One of the many interesting aspects to Tender Is the Night that also exists in many other works by Fitzgerald is the semi-autobiographical nature of its prose. This is perhaps best exemplified here by the relationship between Doctor Dick Diver and his wife, Nicole, which mirrors in part the relationship between Fitzgerald and Zelda Sayre Fitzgerald, his wife. This parallel to real life events, and people, only helps throughout the novel to reinforce the sense of tragedy underpinning the narrative. When situations get out of hand, and relationships become skewered among the group of American and International expats, the underlying truth and emotional depth behind the text only heightens the sense of sadness and disgust the reader feels for these characters; some long suffering and others destructive and cruel in their ways.
Tender Is the Night much like The Great Gatsby, and other less significant Fitzgerald novels, adopts an elegiac tone, with the loss of innocence, and breakdown of relationships, paramount in the narrative. To compliment this the prose is packed with a poignancy that helps to reinforce the luxuriousness of the novel’s opening, and contrast this with the ensuing depths that the novel seeks fit to explore. The book is separated into three parts of about equal length, each segment containing a major event that helps to stir up the group, and drive the novel’s plot forward. It is this central construction in part that compliments the core themes of the text, with the characters drifting closer together and then further apart amidst the passing of time. The second part in particular is reserved for the origins of the Diver family, helping to fulfill the novel’s future bittersweet intentions by expanding on many of the first part’s mysteries.
Although it may be true that the characters aren’t as memorable as that of Gatsby, or even Tom Buchanan, from The Great Gatsby, the characters presented here are still engaging. Examples of this include the soldier, Tommy Barban, whose allegiance lies with no single country, Dr. Dick Diver himself, the protagonist of much of the novel, who much like Gatsby is a tragic American hero. Other memorable characters include the women of the novel, such as Mary North, Rosemary and Nicole. Nicole is arguably the most interesting character within the novel, remaining an enigma for much of the first part of the book, whilst gradually becoming more transparent as the novel progresses.

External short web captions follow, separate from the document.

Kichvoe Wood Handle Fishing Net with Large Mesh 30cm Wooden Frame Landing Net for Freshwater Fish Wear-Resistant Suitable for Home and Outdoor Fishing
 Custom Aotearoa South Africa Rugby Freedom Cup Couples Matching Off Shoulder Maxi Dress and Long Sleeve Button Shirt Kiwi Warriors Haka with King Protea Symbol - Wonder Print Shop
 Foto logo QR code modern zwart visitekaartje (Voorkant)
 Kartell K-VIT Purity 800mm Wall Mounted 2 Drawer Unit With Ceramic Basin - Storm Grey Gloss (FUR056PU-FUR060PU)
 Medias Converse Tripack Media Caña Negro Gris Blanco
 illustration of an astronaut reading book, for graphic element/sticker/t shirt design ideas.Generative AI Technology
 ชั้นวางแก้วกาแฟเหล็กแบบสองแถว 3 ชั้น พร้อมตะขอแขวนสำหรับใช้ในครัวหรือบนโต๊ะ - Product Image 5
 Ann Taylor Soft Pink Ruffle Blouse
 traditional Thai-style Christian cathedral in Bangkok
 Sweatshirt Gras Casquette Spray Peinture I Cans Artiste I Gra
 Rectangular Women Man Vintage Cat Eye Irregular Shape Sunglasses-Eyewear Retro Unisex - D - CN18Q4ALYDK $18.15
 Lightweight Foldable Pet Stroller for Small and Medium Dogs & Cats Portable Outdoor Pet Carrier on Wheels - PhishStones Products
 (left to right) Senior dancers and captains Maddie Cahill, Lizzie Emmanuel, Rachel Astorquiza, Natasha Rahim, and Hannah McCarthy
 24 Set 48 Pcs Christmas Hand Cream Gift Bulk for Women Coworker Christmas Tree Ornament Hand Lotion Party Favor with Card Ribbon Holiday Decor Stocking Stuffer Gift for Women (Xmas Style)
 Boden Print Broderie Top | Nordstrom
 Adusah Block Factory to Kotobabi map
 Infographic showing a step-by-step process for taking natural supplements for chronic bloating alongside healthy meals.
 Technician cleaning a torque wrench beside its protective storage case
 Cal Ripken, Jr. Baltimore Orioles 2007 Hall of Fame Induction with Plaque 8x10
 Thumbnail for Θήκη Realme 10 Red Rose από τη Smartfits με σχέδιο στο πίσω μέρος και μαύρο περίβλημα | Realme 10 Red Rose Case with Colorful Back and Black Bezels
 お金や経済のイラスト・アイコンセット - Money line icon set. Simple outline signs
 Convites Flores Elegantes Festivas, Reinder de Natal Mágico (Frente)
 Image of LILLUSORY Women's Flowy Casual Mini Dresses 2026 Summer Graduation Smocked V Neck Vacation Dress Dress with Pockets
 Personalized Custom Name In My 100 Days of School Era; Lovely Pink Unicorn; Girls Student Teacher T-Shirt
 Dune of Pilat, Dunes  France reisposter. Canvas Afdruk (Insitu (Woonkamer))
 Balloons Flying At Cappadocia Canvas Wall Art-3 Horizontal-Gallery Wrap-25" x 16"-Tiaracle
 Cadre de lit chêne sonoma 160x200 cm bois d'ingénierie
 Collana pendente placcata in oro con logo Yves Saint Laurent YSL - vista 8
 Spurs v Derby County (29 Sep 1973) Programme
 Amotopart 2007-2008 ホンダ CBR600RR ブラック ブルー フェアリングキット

Whilst there should be no allusions that Tender is the Night will ever escape the long shadow cast by its more notable predecessor, it is definitely worth the attention. Whether you are interested in seeing how much of an author’s real life permeates into his work, or just interested in becoming absorbed in a foreign world, in this case the south of France during the 1920’s/early 1930’s, this novel offers enough to warrant, at the very least, a single read; though if necessary there is definitely enough depth to welcome a return.